BEGIN

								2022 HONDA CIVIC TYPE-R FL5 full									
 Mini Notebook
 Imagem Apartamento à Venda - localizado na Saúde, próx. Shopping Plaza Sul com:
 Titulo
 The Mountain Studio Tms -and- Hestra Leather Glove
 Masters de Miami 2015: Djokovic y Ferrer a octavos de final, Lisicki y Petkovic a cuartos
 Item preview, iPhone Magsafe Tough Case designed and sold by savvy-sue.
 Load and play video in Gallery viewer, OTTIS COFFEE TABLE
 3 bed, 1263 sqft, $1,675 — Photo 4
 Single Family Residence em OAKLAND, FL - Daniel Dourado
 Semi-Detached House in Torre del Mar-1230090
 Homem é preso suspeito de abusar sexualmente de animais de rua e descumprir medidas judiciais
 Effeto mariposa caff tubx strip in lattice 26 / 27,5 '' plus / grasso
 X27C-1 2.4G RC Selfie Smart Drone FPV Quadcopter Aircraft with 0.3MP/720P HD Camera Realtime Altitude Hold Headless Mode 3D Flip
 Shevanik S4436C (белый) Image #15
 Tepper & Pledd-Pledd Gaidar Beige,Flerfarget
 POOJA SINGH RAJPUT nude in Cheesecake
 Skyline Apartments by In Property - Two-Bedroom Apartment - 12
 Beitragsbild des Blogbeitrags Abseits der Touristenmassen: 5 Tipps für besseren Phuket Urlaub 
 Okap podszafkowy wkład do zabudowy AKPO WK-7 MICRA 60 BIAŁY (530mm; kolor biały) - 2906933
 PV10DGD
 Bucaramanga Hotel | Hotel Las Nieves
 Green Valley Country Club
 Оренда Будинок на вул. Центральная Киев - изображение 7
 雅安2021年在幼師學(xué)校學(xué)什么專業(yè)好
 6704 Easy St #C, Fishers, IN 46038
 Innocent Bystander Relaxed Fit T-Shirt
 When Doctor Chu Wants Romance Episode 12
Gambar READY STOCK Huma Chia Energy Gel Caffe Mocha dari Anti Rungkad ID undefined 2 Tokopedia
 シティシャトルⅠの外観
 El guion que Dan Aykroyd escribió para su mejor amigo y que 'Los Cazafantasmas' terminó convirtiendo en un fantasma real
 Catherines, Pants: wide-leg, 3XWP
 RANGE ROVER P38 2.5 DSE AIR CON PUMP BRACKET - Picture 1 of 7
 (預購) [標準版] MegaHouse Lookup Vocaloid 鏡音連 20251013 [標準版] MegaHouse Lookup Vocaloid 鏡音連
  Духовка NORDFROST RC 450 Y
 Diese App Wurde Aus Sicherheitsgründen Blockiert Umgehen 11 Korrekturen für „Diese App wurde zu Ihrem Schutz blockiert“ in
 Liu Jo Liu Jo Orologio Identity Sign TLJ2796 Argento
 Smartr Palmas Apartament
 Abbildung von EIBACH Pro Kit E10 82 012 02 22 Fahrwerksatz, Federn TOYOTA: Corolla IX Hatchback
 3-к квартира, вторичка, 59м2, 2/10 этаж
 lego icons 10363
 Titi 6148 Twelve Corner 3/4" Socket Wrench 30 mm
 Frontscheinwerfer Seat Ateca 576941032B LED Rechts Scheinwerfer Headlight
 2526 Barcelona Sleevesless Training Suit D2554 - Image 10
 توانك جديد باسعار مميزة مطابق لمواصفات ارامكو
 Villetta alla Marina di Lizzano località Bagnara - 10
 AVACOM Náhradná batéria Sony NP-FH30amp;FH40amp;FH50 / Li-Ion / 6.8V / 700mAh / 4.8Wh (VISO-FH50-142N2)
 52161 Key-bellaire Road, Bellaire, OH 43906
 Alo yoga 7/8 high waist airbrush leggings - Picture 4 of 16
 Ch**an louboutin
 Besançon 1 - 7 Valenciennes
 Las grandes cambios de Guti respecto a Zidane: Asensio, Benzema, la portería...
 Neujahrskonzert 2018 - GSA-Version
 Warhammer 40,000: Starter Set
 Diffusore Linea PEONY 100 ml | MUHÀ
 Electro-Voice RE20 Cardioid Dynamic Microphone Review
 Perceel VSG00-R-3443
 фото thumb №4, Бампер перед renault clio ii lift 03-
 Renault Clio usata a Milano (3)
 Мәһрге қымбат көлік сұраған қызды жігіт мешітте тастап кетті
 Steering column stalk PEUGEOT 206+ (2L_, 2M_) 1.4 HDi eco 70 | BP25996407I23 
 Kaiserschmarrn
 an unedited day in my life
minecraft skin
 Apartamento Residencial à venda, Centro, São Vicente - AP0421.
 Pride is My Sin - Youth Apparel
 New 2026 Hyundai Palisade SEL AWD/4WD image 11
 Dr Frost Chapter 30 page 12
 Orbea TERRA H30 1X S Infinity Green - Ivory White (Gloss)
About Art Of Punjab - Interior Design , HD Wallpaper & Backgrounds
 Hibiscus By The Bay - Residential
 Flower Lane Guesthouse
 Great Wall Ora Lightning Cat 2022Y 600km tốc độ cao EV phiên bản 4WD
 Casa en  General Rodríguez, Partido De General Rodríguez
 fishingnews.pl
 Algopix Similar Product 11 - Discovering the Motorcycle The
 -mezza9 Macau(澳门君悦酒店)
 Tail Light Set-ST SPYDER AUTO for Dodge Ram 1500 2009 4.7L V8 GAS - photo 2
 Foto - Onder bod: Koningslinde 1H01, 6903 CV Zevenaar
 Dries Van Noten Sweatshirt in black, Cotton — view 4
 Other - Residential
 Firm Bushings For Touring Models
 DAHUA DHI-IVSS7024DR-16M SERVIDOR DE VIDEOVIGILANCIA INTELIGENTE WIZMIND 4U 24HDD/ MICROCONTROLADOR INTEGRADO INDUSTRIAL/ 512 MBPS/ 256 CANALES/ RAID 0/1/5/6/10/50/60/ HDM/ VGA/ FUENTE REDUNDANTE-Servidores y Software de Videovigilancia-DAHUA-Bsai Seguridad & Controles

END

_Exercise:_ Print the lines above from the one with "POOJA SINGH RAJPUT nude in Cheesecake" through the one with "Las grandes cambios", both included, exactly as written and nothing more.

_Output below:_
 POOJA SINGH RAJPUT nude in Cheesecake
 Skyline Apartments by In Property - Two-Bedroom Apartment - 12
 Beitragsbild des Blogbeitrags Abseits der Touristenmassen: 5 Tipps für besseren Phuket Urlaub 
 Okap podszafkowy wkład do zabudowy AKPO WK-7 MICRA 60 BIAŁY (530mm; kolor biały) - 2906933
 PV10DGD
 Bucaramanga Hotel | Hotel Las Nieves
 Green Valley Country Club
 Оренда Будинок на вул. Центральная Киев - изображение 7
 雅安2021年在幼師學(xué)校學(xué)什么專業(yè)好
 6704 Easy St #C, Fishers, IN 46038
 Innocent Bystander Relaxed Fit T-Shirt
 When Doctor Chu Wants Romance Episode 12
Gambar READY STOCK Huma Chia Energy Gel Caffe Mocha dari Anti Rungkad ID undefined 2 Tokopedia
 シティシャトルⅠの外観
 El guion que Dan Aykroyd escribió para su mejor amigo y que 'Los Cazafantasmas' terminó convirtiendo en un fantasma real
 Catherines, Pants: wide-leg, 3XWP
 RANGE ROVER P38 2.5 DSE AIR CON PUMP BRACKET - Picture 1 of 7
 (預購) [標準版] MegaHouse Lookup Vocaloid 鏡音連 20251013 [標準版] MegaHouse Lookup Vocaloid 鏡音連
  Духовка NORDFROST RC 450 Y
 Diese App Wurde Aus Sicherheitsgründen Blockiert Umgehen 11 Korrekturen für „Diese App wurde zu Ihrem Schutz blockiert“ in
 Liu Jo Liu Jo Orologio Identity Sign TLJ2796 Argento
 Smartr Palmas Apartament
 Abbildung von EIBACH Pro Kit E10 82 012 02 22 Fahrwerksatz, Federn TOYOTA: Corolla IX Hatchback
 3-к квартира, вторичка, 59м2, 2/10 этаж
 lego icons 10363
 Titi 6148 Twelve Corner 3/4" Socket Wrench 30 mm
 Frontscheinwerfer Seat Ateca 576941032B LED Rechts Scheinwerfer Headlight
 2526 Barcelona Sleevesless Training Suit D2554 - Image 10
 توانك جديد باسعار مميزة مطابق لمواصفات ارامكو
 Villetta alla Marina di Lizzano località Bagnara - 10
 AVACOM Náhradná batéria Sony NP-FH30amp;FH40amp;FH50 / Li-Ion / 6.8V / 700mAh / 4.8Wh (VISO-FH50-142N2)
 52161 Key-bellaire Road, Bellaire, OH 43906
 Alo yoga 7/8 high waist airbrush leggings - Picture 4 of 16
 Ch**an louboutin
 Besançon 1 - 7 Valenciennes
 Las grandes cambios de Guti respecto a Zidane: Asensio, Benzema, la portería...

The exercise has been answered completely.